Set down the lines below, exactly, starting at the one that contains "Леопардовый френч и фиолетовый блеск" and stopping at the last line, inclusive. Omit pictures.

-- DATA SHOWN follows --

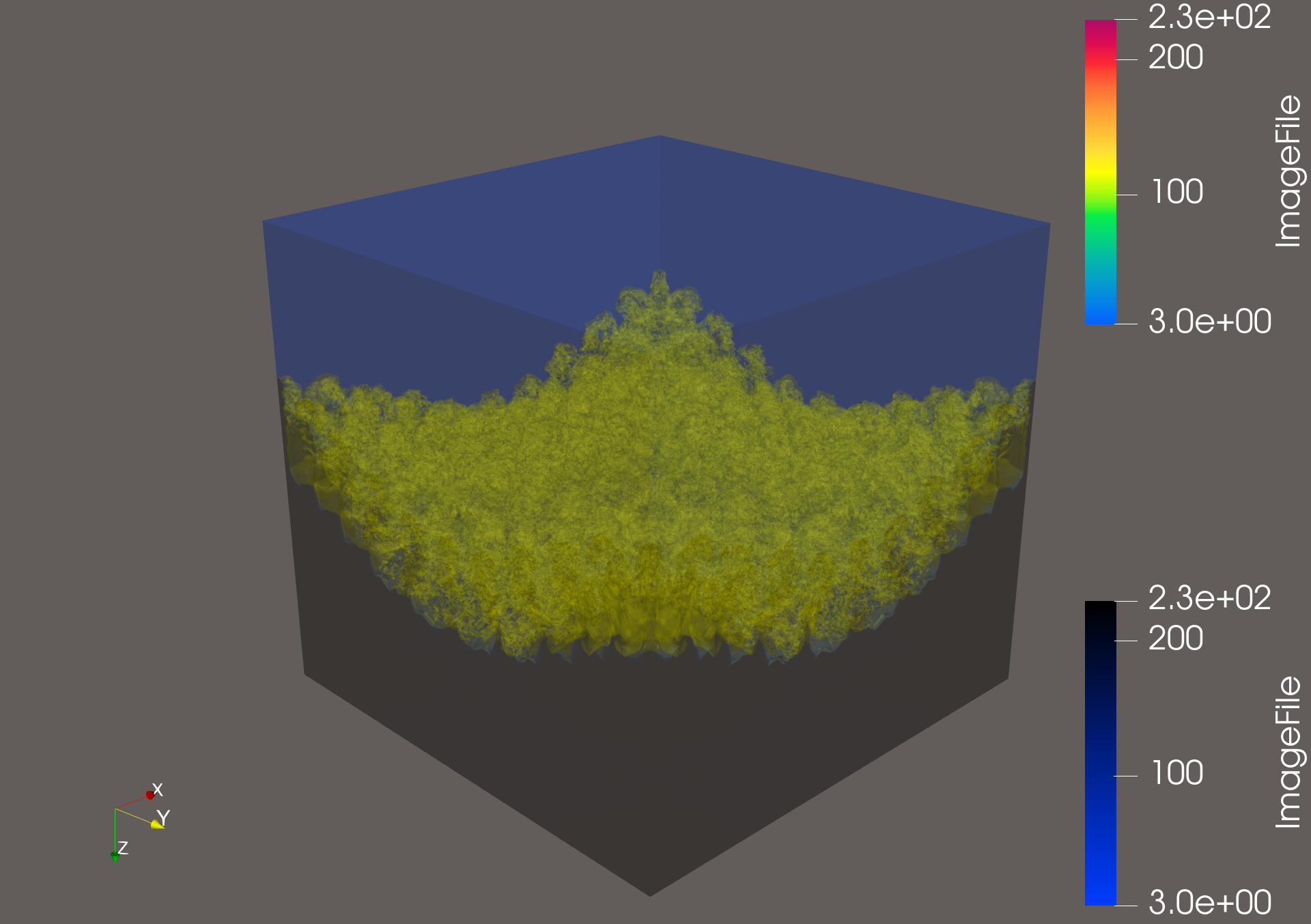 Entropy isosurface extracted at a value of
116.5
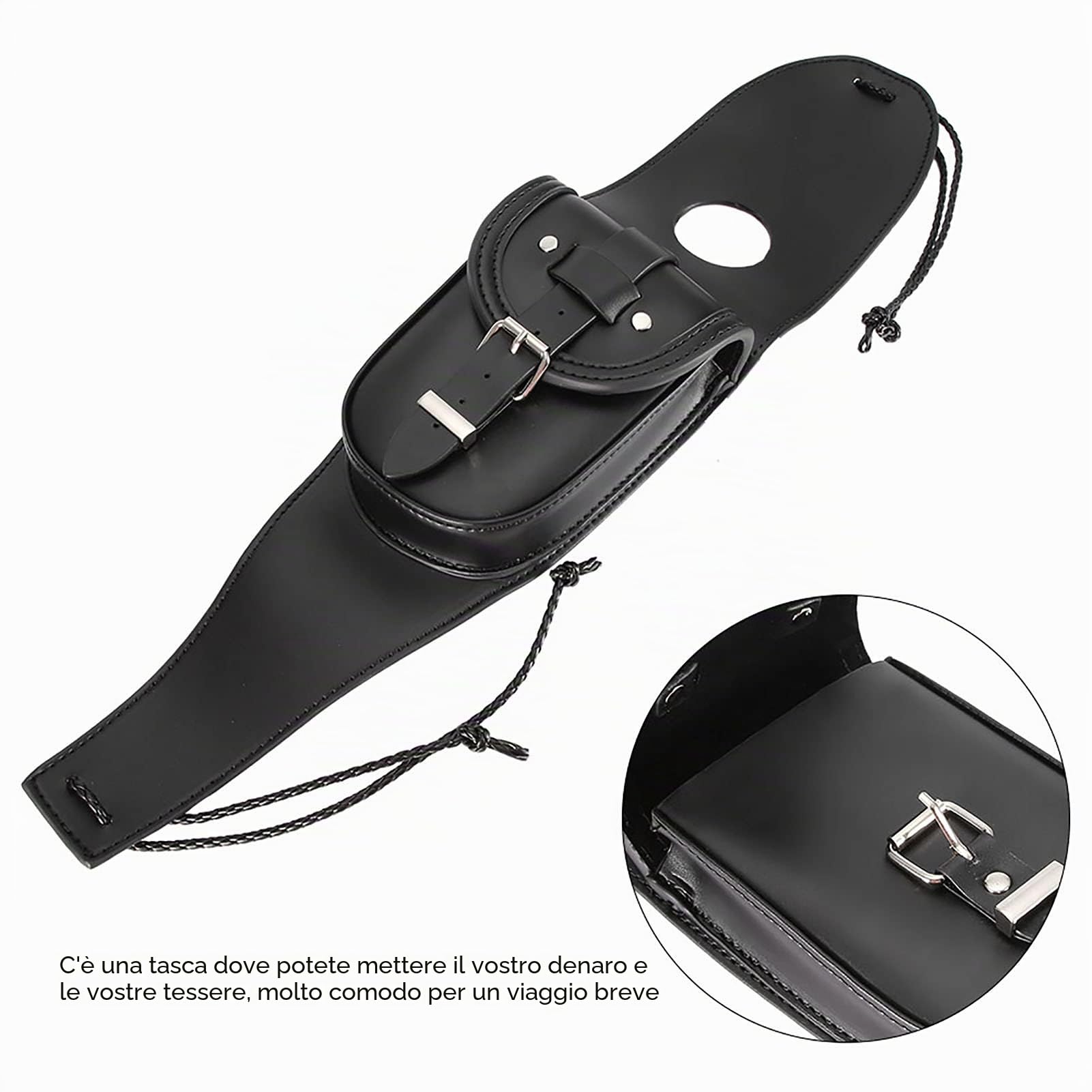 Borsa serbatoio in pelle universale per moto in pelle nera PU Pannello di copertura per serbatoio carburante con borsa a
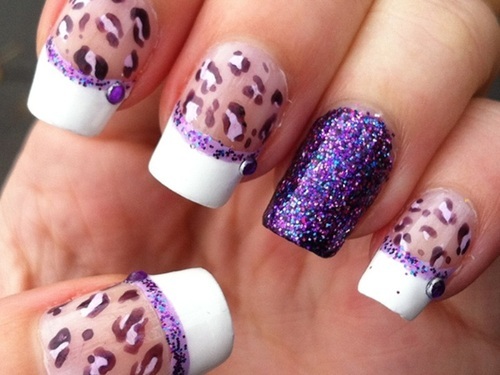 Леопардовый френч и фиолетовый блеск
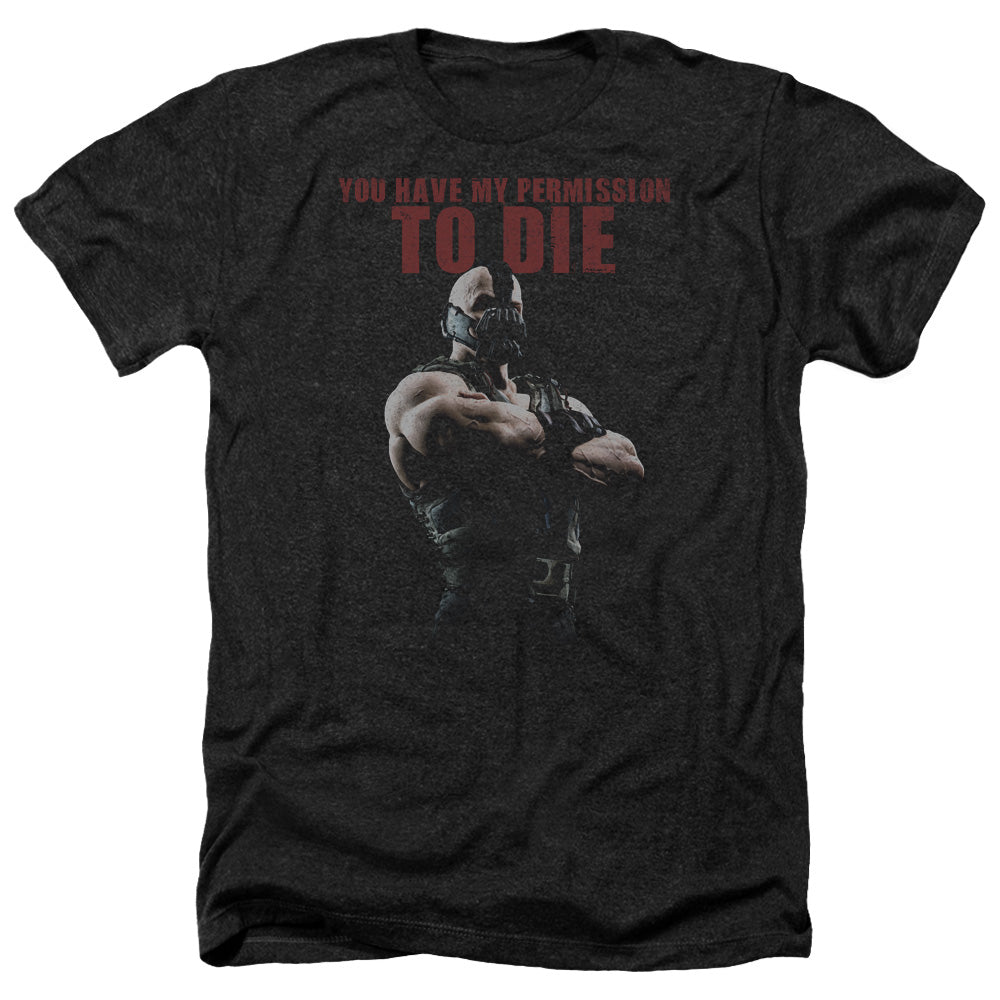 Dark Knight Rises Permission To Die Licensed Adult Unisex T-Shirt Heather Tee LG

-- DATA SHOWN concluded --

**FINAL ANSWER:**
 Леопардовый френч и фиолетовый блеск
 Dark Knight Rises Permission To Die Licensed Adult Unisex T-Shirt Heather Tee LG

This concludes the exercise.